Computing data is referred to in a variety of different units, most derived from the byte unit.


A bit is a state of either "on" or "off". It is the smallest possible unit of data on any computer.


Wikipedia also has an article about Units of computing data.

The term byte represents an ordered collection of bits, with each bit representing a binary value of either 0 or 1. In most modern hardware, the defined size of a byte is eight bits, hence usually there are 2^8 (or 256) distinct values in one byte.

In the Pokémon games, the smallest groups of identifiers can only be read by the console in single 8-bit bytes. This explains, for example, the reason why there are 105 glitch Pokémon in Generation I: 2^8 is 256, and 256 - 151 = 105.

Bytes are also sometimes read as arrays of bits, in other words an ordered list of eight "ons" and "offs", used for instance when storing the badges the player has obtained in Pokémon Red, Blue, and Yellow, or Pokédex flags.

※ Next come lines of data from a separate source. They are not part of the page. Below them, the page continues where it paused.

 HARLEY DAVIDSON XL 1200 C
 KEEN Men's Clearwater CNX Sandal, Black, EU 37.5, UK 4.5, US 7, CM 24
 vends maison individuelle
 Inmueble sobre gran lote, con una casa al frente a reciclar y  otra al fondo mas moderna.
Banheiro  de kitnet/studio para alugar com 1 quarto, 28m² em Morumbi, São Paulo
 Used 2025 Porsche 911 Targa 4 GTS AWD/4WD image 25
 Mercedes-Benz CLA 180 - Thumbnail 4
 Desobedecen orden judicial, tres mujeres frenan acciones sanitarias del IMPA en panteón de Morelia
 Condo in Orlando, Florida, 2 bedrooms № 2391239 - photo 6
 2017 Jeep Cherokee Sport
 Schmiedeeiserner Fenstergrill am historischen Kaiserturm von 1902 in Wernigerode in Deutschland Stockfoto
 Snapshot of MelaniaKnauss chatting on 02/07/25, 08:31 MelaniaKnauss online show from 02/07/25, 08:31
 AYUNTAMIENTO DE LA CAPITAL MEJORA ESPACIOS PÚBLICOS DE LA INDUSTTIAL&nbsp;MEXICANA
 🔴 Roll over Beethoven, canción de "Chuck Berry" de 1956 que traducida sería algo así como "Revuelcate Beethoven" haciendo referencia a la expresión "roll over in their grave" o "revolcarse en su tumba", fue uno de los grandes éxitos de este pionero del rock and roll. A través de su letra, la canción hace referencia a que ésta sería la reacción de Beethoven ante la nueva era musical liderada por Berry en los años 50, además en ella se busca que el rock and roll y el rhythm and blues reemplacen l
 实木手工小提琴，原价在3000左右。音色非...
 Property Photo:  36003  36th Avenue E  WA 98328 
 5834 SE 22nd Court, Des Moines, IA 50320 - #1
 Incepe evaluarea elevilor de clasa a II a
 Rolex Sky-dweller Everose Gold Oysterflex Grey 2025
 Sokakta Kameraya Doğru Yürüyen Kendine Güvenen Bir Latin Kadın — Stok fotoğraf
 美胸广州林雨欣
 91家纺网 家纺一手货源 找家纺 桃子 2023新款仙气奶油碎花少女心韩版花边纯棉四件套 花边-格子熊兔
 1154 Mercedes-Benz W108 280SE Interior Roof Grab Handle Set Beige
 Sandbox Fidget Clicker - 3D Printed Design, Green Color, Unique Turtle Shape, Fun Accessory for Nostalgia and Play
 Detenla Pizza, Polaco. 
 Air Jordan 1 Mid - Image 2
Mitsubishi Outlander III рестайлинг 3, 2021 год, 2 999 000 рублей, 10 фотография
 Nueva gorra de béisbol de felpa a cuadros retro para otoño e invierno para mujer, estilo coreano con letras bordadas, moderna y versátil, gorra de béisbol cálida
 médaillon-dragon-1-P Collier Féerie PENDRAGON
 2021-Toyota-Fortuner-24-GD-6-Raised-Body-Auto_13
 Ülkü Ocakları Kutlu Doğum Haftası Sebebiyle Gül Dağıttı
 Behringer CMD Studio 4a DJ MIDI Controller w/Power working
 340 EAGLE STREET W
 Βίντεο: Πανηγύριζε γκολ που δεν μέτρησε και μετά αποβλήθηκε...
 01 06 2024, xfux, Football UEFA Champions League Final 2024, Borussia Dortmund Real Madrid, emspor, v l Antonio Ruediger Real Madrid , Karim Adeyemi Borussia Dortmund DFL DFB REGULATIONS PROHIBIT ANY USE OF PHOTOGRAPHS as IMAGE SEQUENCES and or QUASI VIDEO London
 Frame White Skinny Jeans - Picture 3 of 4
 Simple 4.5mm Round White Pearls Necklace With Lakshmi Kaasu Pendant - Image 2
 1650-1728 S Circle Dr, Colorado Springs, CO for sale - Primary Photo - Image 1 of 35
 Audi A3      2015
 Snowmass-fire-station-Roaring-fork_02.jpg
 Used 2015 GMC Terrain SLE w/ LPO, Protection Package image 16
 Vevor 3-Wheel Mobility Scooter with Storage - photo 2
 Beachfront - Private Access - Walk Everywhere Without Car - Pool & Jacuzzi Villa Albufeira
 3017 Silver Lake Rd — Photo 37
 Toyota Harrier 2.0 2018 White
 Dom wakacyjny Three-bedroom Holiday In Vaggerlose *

The size of a word depends on the type of hardware. On 32-bit processors, such as that of the Game Boy Advance, the size of a word is four bytes (or 32 bits). A unit of two bytes in this architecture is referred to as a halfword, and a unit of eight a double word or dword.

In all main-series Pokémon games after Generation II, Pokémon species identifiers are stored as words. Hence, there are 65150, 65043 and 64887 invalid identifiers representing 'glitch Pokémon' in Generation III (which has 386 valid Pokémon), Generation IV (which has 493 valid Pokémon) and Generation V (which has 649 valid Pokémon) main series Pokémon games respectively.

In Generation III, the personality value (or PID) of a Pokémon is stored as a dword in the Pokémon data substructure, and the individual values of a Pokémon are stored in the last 15 bits of a word in the Pokémon data substructure.

For this reason, knowing the above units is relevant for two Generation III glitches:

  • The roaming Pokémon IV glitch, where data is only written to the first byte of a roaming Pokémon's individual values when it is captured (in Generation III games other than Pokémon Emerald).
  • The Generation III bit set glitch, where bit 0 and 2 (+hex:05) or bit 6 (+hex:40) may be written to a Pokémon in the storage box when one of the aforementioned bits are not set.